Having completed the Williams, it’s driver and its passenger, I then had to decide how best to display the model. I like to try and push myself when it comes to the displays… when it comes to building a kit, the vast majority of what you need to make an impressive model comes in the box. Diorama building is almost a completely different skill, and requires much more imagination.
I scoured the Internet for reference photos, and two of the best showed Mansell’s car as it rounded Woodcote corner (the final corner at Silverstone), followed by Alain Prost’s Ferrari, and Satoru Nakajima’s Tyrrell-Honda.
The second photo in particular, I thought would lend itself to a diorama as the scene contained three cars, the trackside kerb, a grass verge and a gravel trap.

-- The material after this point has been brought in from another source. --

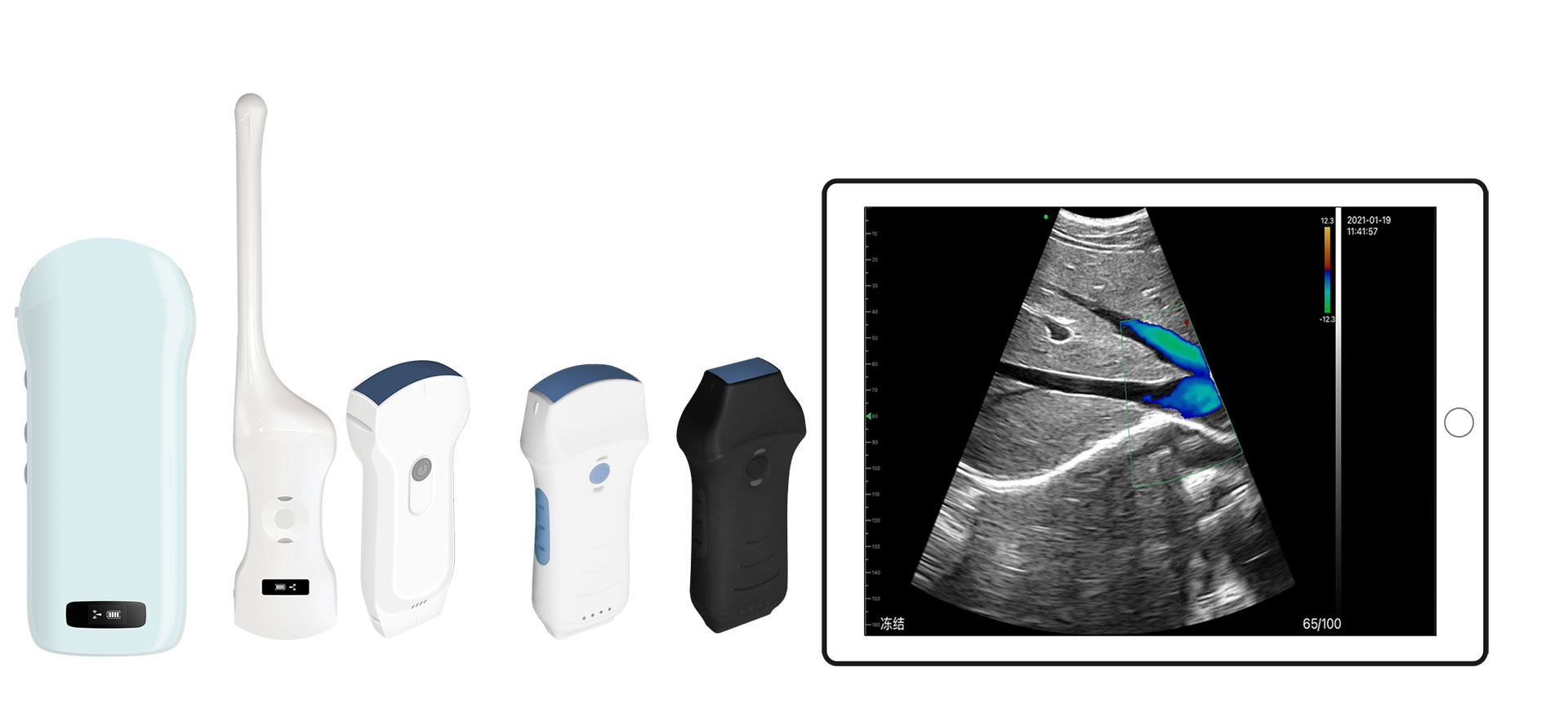 Diagnosis Ultrasound nirkabel khusus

The inclusion of three cars was a bigger project than I would usually embark on, but I decided to go with it, as this is my favourite era of F1, and having put all the effort into the Williams, how better to show it off!!
The next decision was how to display the model. I ordered a large “Trumpeter” display case from Creative Models (http://www.creativemodels.co.uk), but having taken delivery, I found it was just too small to create the scene that I wanted. It was also very tall for its comparative width, and with the 1/43 cars being so short in height, the case looked disproportionately tall.
I searched all over the Internet, and eventually located an eBay seller (stressedoutman) who stocked what looked like the perfect case:
Measuring 40cm x 30cm, and being only 10cm tall, the case was just what I was looking for.
I then had to decide on a layout for the diorama. I wanted to try and encapsulate the moment as far as possible. It soon became evident that the cars would need to be in closer proximity to each other than they appeared to be in the photographs, but this was a degree of “poetic licence” that I was comfortable with.
The first job was to sand the base of the display case with the lightest grade finishing paper I had. The original surface was very glossy (almost glass-like), and wouldn’t have allowed any paints or glue to adhere to it. The light sanding was all that was needed to take away the sheen and give a very softly textured surface.
With this done, the Tarmac area was masked, and sprayed with a mixture of Halfords grey primer, and Halfords satin black. When the paint was dry, I was able to place the Williams (and “stand-ins” for the Ferrari & Tyrell) on the base to see how things looked.
Having done this, I realised that the curve was not uniform enough, and just looked wrong. I found a round laundry basket at home which looked to be roughly the correct radius and managed to draw around it, which at least gave a consistent curve. I then looked back at a video I had of the race in order to try and ascertain the width of the kerb.
Having done this, I made a paper mock-up of the kerb and laid it in place. I was happy with the new shape, so masked and sprayed the thin white line at the kerb’s edge.
I then turned my attention to the kerb itself. Unlike modern F1 circuits, the kerbs at Silverstone at the time were quite savage, with broad, high teeth. I made a mock-up section of kerb from thin balsa wood (using UHU to glue each raised section in place). Once this was done, I sprayed the whole piece in Plastikote Stone effect spray paint. This was the first time I had used this technique, but it certainly gave the piece a rough, concrete-like texture. Having done this, I then experimented with different colours & washes to try and bring the texture and colour out. Eventually I settled on painting the concrete section in Tamiya Light Tan (XF), and having allowed to dry went over the whole piece again, this time with Tamiya Smoke (X-19). Again having allowed to dry, the blue and white edges were masked and sprayed with the trusty Halfords cans. One all was dry, I used a black artists pastel to recreate the rubber marks on the raised kerb edges, before sealing it all with a spray coat of Humbrol acrylic Matt varnish.
Satisfied with the finish I had chosen, I then made an entirely new kerb piece, this time finishing the whole piece with the one Smoke wash.
I then used my airbrush to recreate the light rubber and tyre marks on the track surface. This is something that I had tried and been pleased with on a previous model, but the larger scale of this piece really allowed the effect to stand out, and I feel it really added an element of realism to the piece.
The next choice I faced was deciding on how to reproduce the Armco barrier and tire wall located on the inside of the corner. The Armco is taken from a Denizen kit (reduced to a two-tier barrier from the three as per the kit). I also spent much time looking for 1/43 scale standard car tyres in order to construct the tyre walk on the inside of the Armco barrier. Eventually I was able to find them in Italy, via eBay:
Again, these took some time to arrive, which gave me time to consider how to model the rest of the diorama.